Using freedom for God’s glory DIG: What were some of the limits Paul said needed to be placed on the freedom of believers? What is the difference between tolerating differences and condoning wrong behavior? Why is it crucial for believers to love and accept one another? In light of this passage, what does it mean to “do it all so as to bring glory to God?” How did Jesus model the approach He expects us to follow?

REFLECT: Think for a few moments about what freedom in Messiah means to you. What new freedoms have you enjoyed since you became a believer? In what ways do you think your freedom in Messiah is different from any other freedom you have experienced? Based on Paul’s teaching, what should always be your primary concern in making lifestyle choices? Think of one person this week to whom you can show greater sensitivity and love.

Whatever we do, do it all so as to bring glory to the Lord.

Our freedom is always defined by Messiah. Since He gave it to us as a gift, He’s the best person to tell us how to use it. He may ask us to use it in ways that surprise us. Those actions may not seem like freedom when they involve saying no to our desires and saying yes to Messiah’s will for our lives. Some of our greatest moments of freedom come when we choose not to exercise our freedom in order to help someone else.276

Paul is now ready to conclude this matter of eating food that was sacrificed to idols. In this section, he deals with the secondary issue of whether the prohibition against participating in banquets in pagan temples also applies to “leftover” meat that was sold in the city meat market. Not that virtually all the ancient meat sold for human consumption in the Greco-Roman world came from pagan sacrifices; there were no general slaughterhouses or packing plants for cattle, sheep, or pigs.277

A. The principles for using our freedom in Messiah: In verses 23-30, Paul gives us four basic principles to guide us in using our freedom in Messiah for God’s glory.

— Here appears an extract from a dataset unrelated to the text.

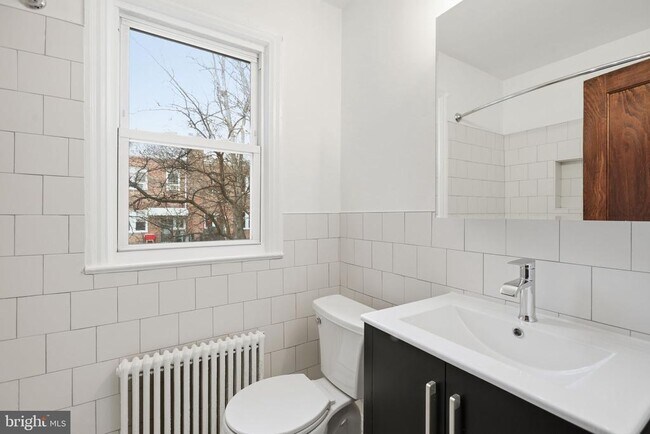 Building Photo - 4026 9th St NE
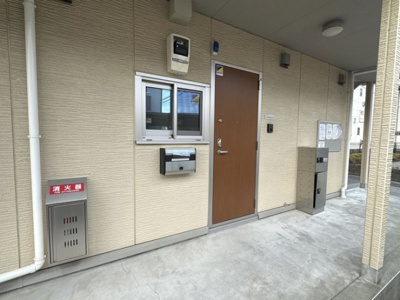 【エントランス】 | ホワイトテラス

1. Edification over gratification (10:23): Our freedom in Messiah is important, but there are some things that are not wise. Paul repeats the slogan that was apparently commonly spoken among the Corinthian believers: “Everything is permitted,” you say? Maybe, but not everything is helpful. He counters this with the same argument he made earlier in 6:12b. “Everything is permitted?” Maybe, but not everything is edifying to other believers (10:23). Desiring the spiritual benefit and edification of ourselves and others is a hallmark of maturity in a believer. Paul’s supreme purpose in ministering to believers was to promote their edification (Second Corinthians 12:19). His advice to all believers is that everything we say be for edification according to the need of the moment, that it may give grace to those who hear (Ephesians 4:29; First Thessalonians 5:11 NASB). When we are faced with a decision about a practice we should first ask if we have a right to do it. If it is not forbidden in Scripture the answer is yes. But our next question should be, is it profitable, edifying, and upbuilding for ourselves and for others? If the answer to both questions is yes, then we can do it to God’s glory. If the answer to either question is no, we should refrain from doing it because it will not bring glory to Him.278

Dear Wise Heavenly Father, Sometimes it is hard to know how to handle a sinful situation, but I praise You that I can follow the principles of how You discipline. You are the perfect balance of love and anger at wrong. You are neither a sugar daddy who gives in to whatever your child wants, nor are you a mean and angry father. You are patient, urging sinners to come to you and gently rebuking your erring child. Yet you are wise and discerning when you correct. You wisely base the severity of Your discipline on the severity of the sin. When the situation calls for it, you discipline with great strength and power as when You sent the Northern Kingdom of Isra’el into Assyria captivity and then later the Southern Kingdom of Judah you sent into 70 years of Babylonian captivity.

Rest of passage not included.